» **YOUR OBJECTIVE**: Below are the records. State how many of their lines contain "Grey", with nothing else.
====== WORKING DATA ======
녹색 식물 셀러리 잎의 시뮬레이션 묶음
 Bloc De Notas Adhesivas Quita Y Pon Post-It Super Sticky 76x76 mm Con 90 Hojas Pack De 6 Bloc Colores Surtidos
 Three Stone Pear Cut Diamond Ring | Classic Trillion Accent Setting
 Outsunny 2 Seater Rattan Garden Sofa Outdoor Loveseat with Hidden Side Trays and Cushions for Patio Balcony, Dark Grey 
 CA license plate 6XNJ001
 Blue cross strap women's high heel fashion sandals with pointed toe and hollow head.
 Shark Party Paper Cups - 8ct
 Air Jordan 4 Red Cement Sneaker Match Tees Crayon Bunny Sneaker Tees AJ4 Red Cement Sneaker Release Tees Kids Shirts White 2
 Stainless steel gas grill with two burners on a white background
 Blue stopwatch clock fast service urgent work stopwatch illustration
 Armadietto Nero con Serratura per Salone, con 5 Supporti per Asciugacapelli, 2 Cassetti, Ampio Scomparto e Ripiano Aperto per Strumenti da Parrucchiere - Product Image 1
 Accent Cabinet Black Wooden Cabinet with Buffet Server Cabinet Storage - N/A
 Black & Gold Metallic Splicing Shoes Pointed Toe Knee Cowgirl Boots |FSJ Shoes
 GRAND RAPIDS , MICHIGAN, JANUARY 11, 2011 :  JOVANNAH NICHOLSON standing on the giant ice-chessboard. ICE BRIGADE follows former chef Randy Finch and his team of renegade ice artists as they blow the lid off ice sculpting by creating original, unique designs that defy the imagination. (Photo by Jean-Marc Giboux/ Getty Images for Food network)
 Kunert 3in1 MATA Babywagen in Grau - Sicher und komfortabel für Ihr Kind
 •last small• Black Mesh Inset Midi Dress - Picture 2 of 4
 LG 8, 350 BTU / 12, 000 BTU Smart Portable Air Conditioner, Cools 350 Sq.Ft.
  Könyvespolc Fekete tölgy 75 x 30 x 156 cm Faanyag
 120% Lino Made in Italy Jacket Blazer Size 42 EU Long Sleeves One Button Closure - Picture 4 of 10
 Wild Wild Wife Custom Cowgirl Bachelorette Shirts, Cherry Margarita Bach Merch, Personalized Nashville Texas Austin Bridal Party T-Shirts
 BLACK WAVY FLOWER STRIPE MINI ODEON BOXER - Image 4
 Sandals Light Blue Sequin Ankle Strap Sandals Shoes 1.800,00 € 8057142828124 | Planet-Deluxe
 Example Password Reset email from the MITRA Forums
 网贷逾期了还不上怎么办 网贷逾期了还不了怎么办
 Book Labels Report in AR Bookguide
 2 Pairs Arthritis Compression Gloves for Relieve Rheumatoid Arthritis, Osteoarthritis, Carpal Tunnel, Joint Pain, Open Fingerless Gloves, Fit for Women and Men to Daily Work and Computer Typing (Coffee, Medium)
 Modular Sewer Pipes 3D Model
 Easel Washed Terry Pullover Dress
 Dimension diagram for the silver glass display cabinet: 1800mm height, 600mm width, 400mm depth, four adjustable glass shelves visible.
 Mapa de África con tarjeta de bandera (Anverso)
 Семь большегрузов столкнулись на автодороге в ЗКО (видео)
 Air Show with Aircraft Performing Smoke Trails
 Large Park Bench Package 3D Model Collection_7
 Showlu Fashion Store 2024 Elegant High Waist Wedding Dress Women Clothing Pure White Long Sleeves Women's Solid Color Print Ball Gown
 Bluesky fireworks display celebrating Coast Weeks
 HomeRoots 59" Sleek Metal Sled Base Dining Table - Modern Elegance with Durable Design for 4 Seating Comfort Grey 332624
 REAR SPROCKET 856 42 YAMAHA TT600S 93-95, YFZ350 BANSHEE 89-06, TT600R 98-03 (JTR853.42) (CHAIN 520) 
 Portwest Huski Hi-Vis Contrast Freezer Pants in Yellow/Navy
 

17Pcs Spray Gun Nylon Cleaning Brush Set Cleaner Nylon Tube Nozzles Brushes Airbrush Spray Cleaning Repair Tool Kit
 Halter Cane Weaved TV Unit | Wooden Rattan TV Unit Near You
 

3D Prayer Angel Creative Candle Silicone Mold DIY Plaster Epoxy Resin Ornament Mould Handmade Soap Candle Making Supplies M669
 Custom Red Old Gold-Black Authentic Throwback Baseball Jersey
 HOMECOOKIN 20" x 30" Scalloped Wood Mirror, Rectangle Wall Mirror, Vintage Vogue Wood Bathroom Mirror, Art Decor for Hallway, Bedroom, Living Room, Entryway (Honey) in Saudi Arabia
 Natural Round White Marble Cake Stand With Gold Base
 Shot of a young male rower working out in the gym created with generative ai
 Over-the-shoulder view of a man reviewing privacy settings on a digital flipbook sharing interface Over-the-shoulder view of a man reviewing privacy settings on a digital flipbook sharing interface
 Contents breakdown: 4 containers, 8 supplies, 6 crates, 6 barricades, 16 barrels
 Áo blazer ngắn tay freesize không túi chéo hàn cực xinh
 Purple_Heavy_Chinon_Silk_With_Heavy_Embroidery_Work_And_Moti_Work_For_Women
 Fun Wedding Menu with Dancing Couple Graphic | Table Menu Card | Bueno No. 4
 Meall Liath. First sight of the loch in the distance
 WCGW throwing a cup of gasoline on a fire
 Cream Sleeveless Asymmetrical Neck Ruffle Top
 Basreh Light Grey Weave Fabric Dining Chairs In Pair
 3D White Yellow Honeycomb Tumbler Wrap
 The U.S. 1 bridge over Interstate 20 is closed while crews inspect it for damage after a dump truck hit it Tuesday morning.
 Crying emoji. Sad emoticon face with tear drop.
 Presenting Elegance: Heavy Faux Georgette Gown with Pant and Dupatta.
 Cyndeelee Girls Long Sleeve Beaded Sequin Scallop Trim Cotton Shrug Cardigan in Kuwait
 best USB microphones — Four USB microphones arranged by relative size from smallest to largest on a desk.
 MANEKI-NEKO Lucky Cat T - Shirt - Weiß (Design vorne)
======
» **OUTPUT OF THE TASK**: 3